The pricing mechanism in the Spanish electricity system follows a marginalist scheme: the price is set by the last technology to enter the system to cover electricity demand.
In recent months, combined cycle plants, which burn gas to produce electricity, have entered the system just when the price of gas and CO2 emission rights have shot up, with the subsequent extra cost to the system and, therefore, to the end consumer. Nuclear and hydroelectric plants, which produce electricity at a low cost, are paid the higher price set by the system. This over-retribution is what is known as “windfall profits”.
According to government sources, the proposal would respect the European regulatory framework (where there should be no discrimination by technology) and would be similar to that existing in 2006-2009, with the reduction of a part of the CO2 “dividend” to non-emitting plants prior to 2005 that sell energy on the market. There is speculation this reduction could be progressive depending on the price level of CO2, unlike in 2006-2009 when the government stopped allocating emission rights free of charge to these plants.
The government’s forecast is that, based on current CO2 emission prices of around 50 euros/Tn, this reduction (if it is full) would have an impact of between 800 million and 1 billion euros and could lead to a reduction of 5% in consumers’ bills.
The measures proposed by the government would also affect non-carbon dioxide emitting plants built before 2005, which could include some wind farms. It is not clear this measure will gain enough political support to be passed, as the government does not have a sufficient majority in Congress. In addition to possible parliamentary obstacles, these measures could also face possible lawsuits from electricity companies in the courts. The new law would not be ready until early 2022.
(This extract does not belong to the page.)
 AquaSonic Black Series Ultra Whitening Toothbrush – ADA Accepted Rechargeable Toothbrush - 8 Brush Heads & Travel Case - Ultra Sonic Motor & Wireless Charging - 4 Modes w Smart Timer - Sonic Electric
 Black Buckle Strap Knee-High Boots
Banco Sabadell’s analysis team highlights that “a reduction in this part of CO2 would affect above all those companies with the greatest exposure to nuclear and hydroelectric plants, where Endesa would have a high weighting in EBITDA from production of both technologies (close to 15% of EBITDA 2020 vs 8% in Iberdrola, 5% in Acciona and 4% in Naturgy. (In valuation terms, the weighting of both technologies represents approximately 12% of Endesa’s Enterprise Value, 4% in Iberdrola, 4% in Acciona and 3% in Naturgy).”
However, Sabadell analysts believe that “the reduction in this item should not be very significant given that back-up technologies are necessary in the current marginal price system, that they have to comply with the European regulatory framework and that the government will already benefit and collect much more with emission auctions in the face of rising CO2 prices.”
In any case, the figure of between 800 million to 1 billion euros represents c. 5% of the companies’ combined EBITDA. At the same time, they point out, “we must not forget that higher pool prices would always end up benefiting the electricity companies.”
For their part, Bankinter analysts flag in a note on the issue that “if these changes are finally introduced and approved, some companies in the sector would be negatively affected.” Sabadell analysts also point to those with exposure to hydro and nuclear energy as the most affected.
It is not clear either to Bankinter’s analysis team that these changes will finally be carried out or how they could materialise. However, they insist that “this is bad news for the sector, as it highlights the regulatory risk to which it is subjct.” And they remind us: “Every time this type of news comes to light, the electricity sector reacts with falls in share prices, as investor confidence is eroded.”
Endesa shares fell 5.71%, Iberdrola 2.74% and Naturgy 0.19% on Monday.